#### DATA TO PROCESS:
┄┄┄┄┄┄┄┄┄┄
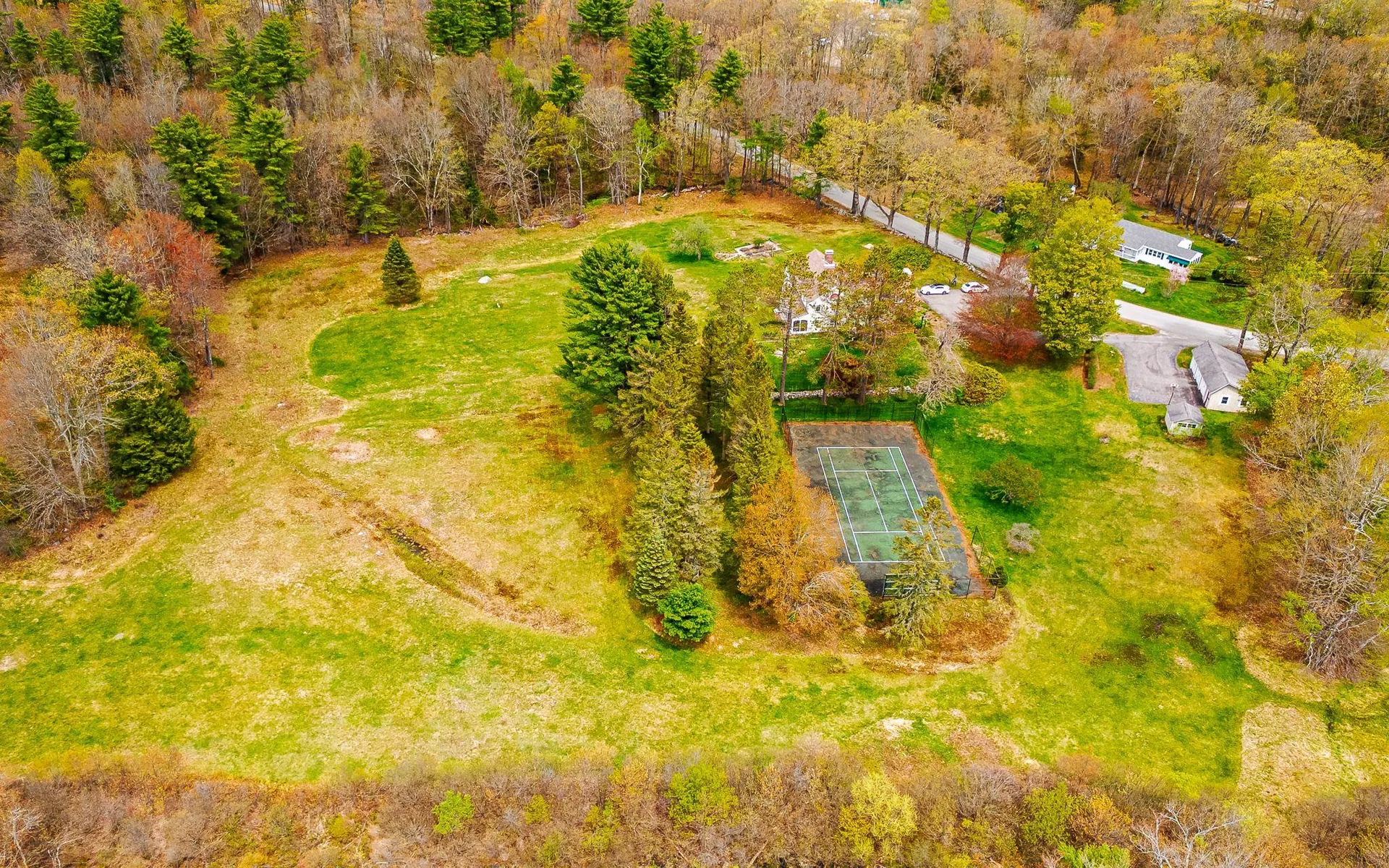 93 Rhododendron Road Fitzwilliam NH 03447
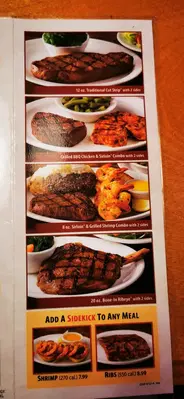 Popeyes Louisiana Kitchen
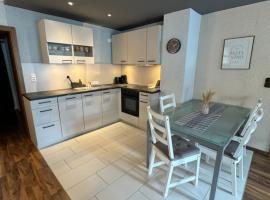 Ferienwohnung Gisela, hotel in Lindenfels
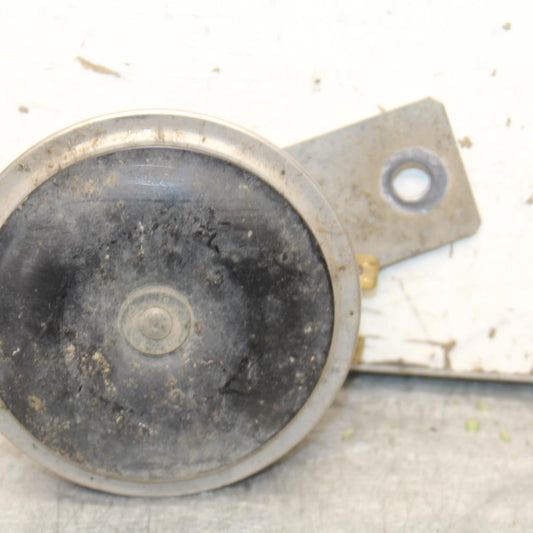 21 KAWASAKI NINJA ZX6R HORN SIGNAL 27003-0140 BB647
┄┄┄┄┄┄┄┄┄┄
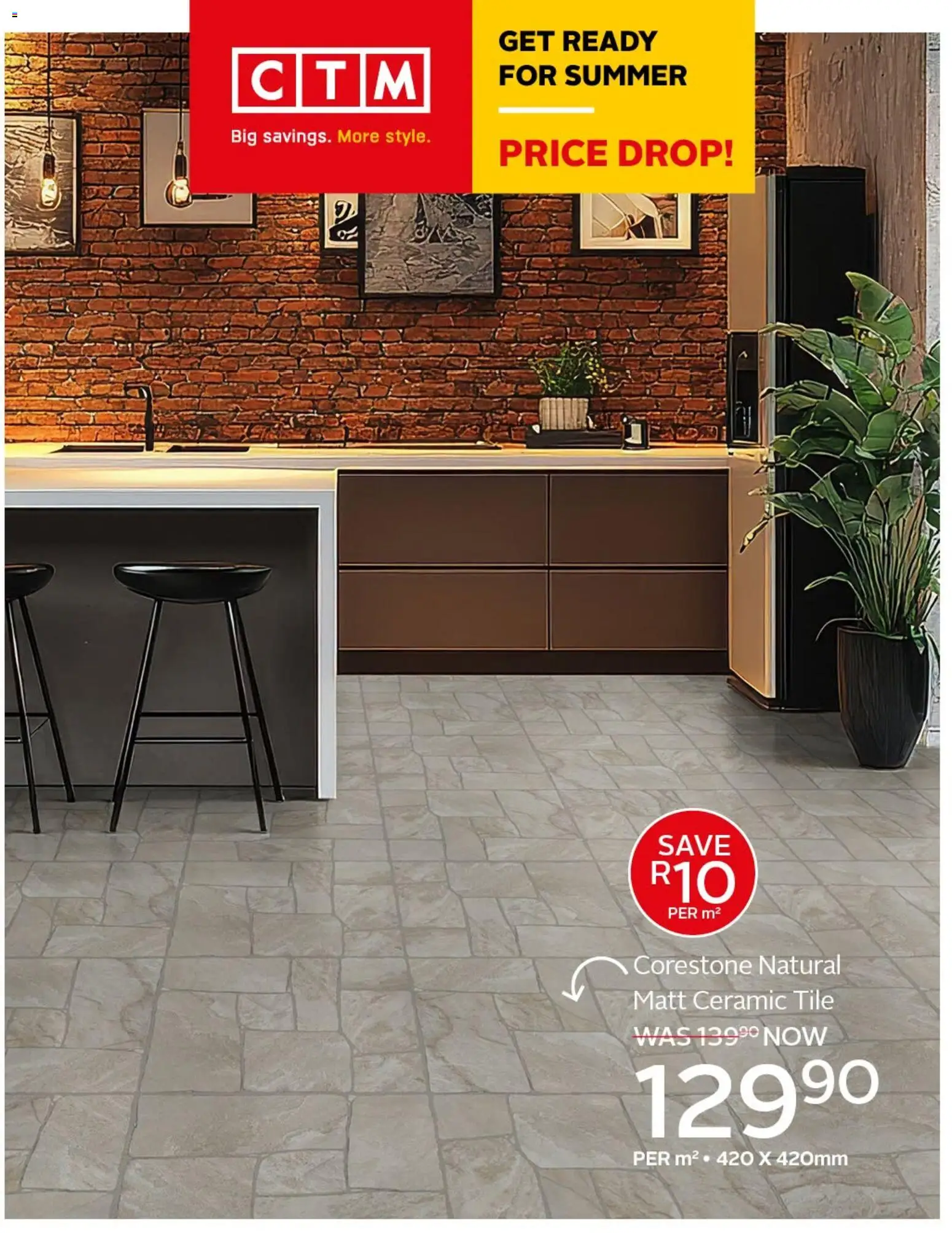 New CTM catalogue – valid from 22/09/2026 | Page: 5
┄┄┄┄┄┄┄┄┄┄
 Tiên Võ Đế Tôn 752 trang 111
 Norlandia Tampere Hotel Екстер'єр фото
┄┄┄┄┄┄┄┄┄┄
#### HOW TO COMPLETE THIS TASK:
Within the listing above, the stretch from the line with "93 Rhododendron Road Fitzwilliam NH 03447" down to the line with "21 KAWASAKI NINJA" is to be given again exactly, end lines included and pictures excluded.

#### SOLUTION:
 93 Rhododendron Road Fitzwilliam NH 03447
 Popeyes Louisiana Kitchen
 Ferienwohnung Gisela, hotel in Lindenfels
 21 KAWASAKI NINJA ZX6R HORN SIGNAL 27003-0140 BB647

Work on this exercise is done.